6 Small Subgraph Conditioning and the Proof of Theorem 3.1

In this section, we prove Theorem 3.1 by small subgraph conditioning method. To do so, we derive the condition (d) of Theorem 3.3 first for the truncated model, and then deduce the analogue for the untruncated model based on the continuity of the coefficients, which was proved in [37, Lemma 4.17].

Proposition 6.1

Let \(L>0\) and \(\lambda \in (0,\lambda ^\star _L)\) be given. Moreover, set \(\mu (\zeta ), \delta _L(\zeta ;\lambda )\) as in Proposition 4.1. Recalling \(\widetilde{{{\textbf {Z}}}}_{\lambda }^{(L),\text{ tr }}\) defined in (40), we have

$$\begin{aligned} \lim _{n\rightarrow \infty }\frac{\mathbb {E}\big (\widetilde{{{\textbf {Z}}}}^{(L),\text{ tr }}_{\lambda }\big )^{2} }{\big (\mathbb {E}\widetilde{{{\textbf {Z}}}}_{\lambda }^{(L),\text{ tr }}\big )^2 }= \exp \bigg ( \sum _{\zeta } \mu (\zeta ) \delta _L(\zeta ;\lambda )^2 \bigg ).\end{aligned}$$
(104)

Proof

Fix \(\lambda <\lambda ^\star _L\) and abbreviate \(\delta _L(\zeta )\equiv \delta _L(\zeta ;\lambda )\) as before.
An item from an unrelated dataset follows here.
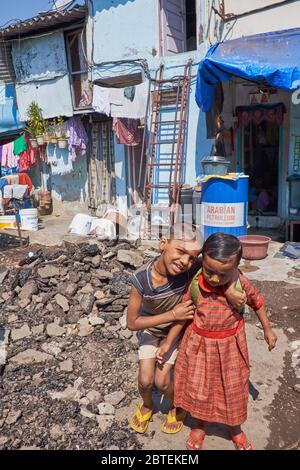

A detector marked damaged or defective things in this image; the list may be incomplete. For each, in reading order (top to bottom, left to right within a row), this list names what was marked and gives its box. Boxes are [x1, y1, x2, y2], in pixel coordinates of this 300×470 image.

rusty metal roof [0, 3, 86, 39]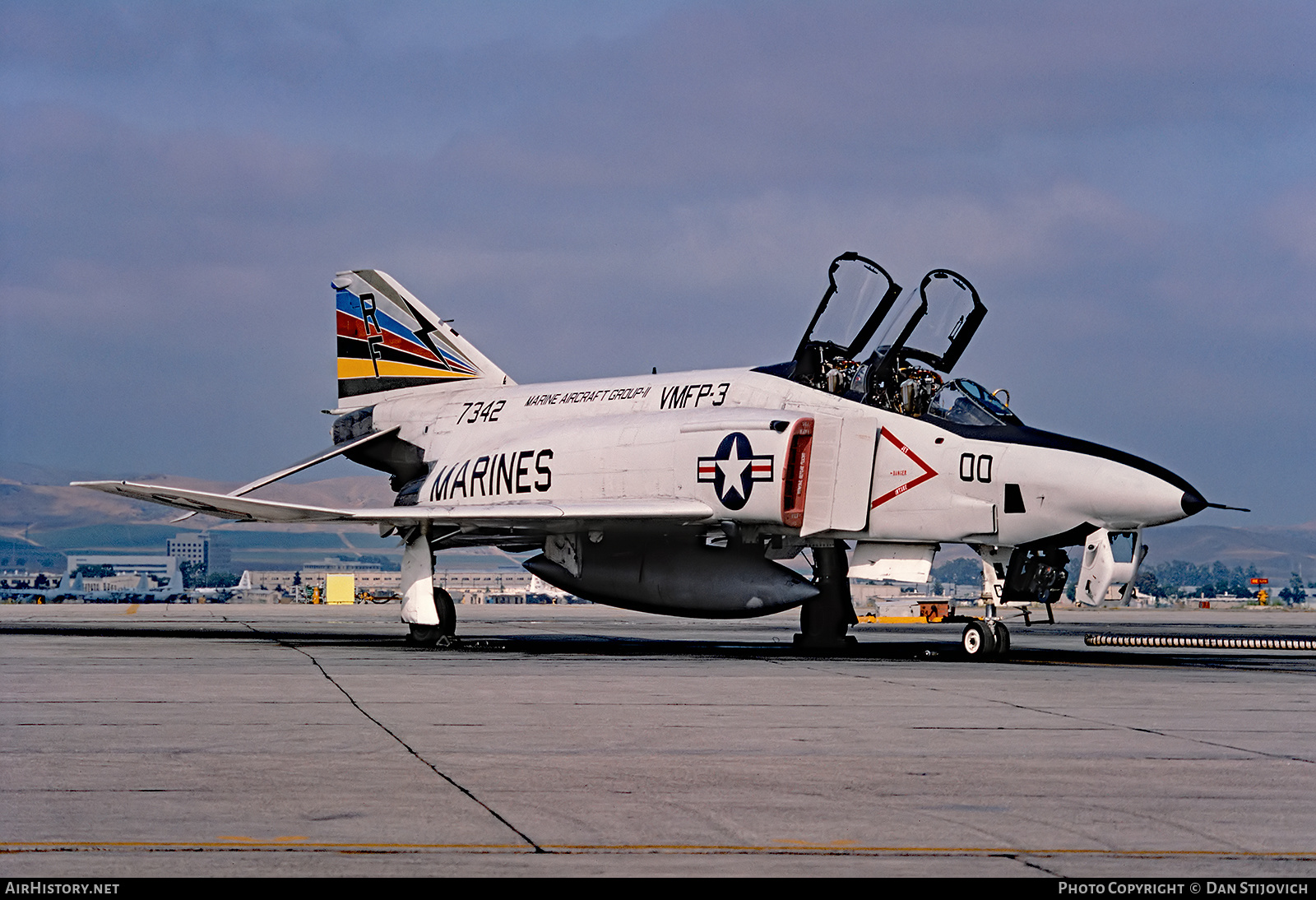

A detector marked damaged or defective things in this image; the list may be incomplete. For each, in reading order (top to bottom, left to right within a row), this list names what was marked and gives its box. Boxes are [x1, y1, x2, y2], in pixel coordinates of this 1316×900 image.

pavement crack [237, 615, 544, 852]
We first show that the lhs is lower bounded by the rhs in (104). Let \(\underline{X} = (X(\zeta ))_\zeta \) be the number of \(\zeta \)-cycles in \(\mathscr {G}\). For an integer \(l_0>0\), we write \(\underline{X}_{\le l_0}=(X(\zeta ))_{||\zeta ||\le l_0}\) (note the difference from the notations used in the previous subsections). Note that Proposition 4.1-(1) gives us that the limiting law of \(\underline{X}_{\le l_0}\) reweighted by \(\widetilde{{{\textbf {Z}}}}^{(L),\text{ tr }}_{\lambda }\) must be independent Pois\(\big (\mu (\zeta )(1+\delta _L(\zeta )\big )\), since the moments of falling factorials are given by (46). Namely, for a given collection of integers \(\underline{x}_{\le l_0} = (x(\zeta ))_{||\zeta || \le l_0}\), we have

$$\begin{aligned} \lim _{n\rightarrow \infty } \frac{\mathbb {E}\big [ \widetilde{{{\textbf {Z}}}}^{(L),\text{ tr }}_{\lambda } \mathbb {1} \{\underline{X}_{\le l_0} = \underline{x}_{\le l_0} \}\big ] }{ \mathbb {E}\widetilde{{{\textbf {Z}}}}^{(L),\text{ tr }}_{\lambda } } = \prod _{||\zeta || \le l_0 } \mathbb {P}\bigg ( \text{ Pois }\Big (\mu (\zeta )\big (1+\delta _L(\zeta )\big )\Big ) = x(\zeta ) \bigg ).\end{aligned}$$

Recall that the unweighted \(\underline{X}_{\le l_0}\) has the limiting law given by (37). Thus, we have

$$\begin{aligned} \lim _{n\rightarrow \infty } \frac{\mathbb {E}\big [ \widetilde{{{\textbf {Z}}}}^{(L),\text{ tr }}_{\lambda } \, \big | \, \underline{X}_{\le l_0} = \underline{x}_{\le l_0} \big ]}{ \mathbb {E}\widetilde{{{\textbf {Z}}}}^{(L),\text{ tr }}_{\lambda } } = \prod _{||\zeta ||\le l_0 } (1+\delta _L(\zeta ))^{x(\zeta )} e^{-\mu (\zeta )\delta (\zeta )}, \end{aligned}$$
(105)

for any \(\underline{x}_{\le l_0} = (x(\zeta ))_{||\zeta || \le l_0}\). Thus, by Fatou’s Lemma, we have

$$\begin{aligned} \liminf _{n\rightarrow \infty } \frac{\mathbb {E}\left[ \mathbb {E}\big [\widetilde{{{\textbf {Z}}}}^{(L),\text{ tr }}_{\lambda } \,\big |\, \underline{X}_{\le l_0}\big ]^{2} \right] }{ \big (\mathbb {E}\widetilde{{{\textbf {Z}}}}^{(L),\text{ tr }}_{\lambda }\big )^2 }\ge \exp \bigg ( \sum _{||\zeta ||\le l_0} \mu (\zeta ) \delta _L(\zeta )^2 \bigg )\end{aligned}$$
(106)

Since this holds for any \(l_0\), we obtain the lower bound of lhs of (104).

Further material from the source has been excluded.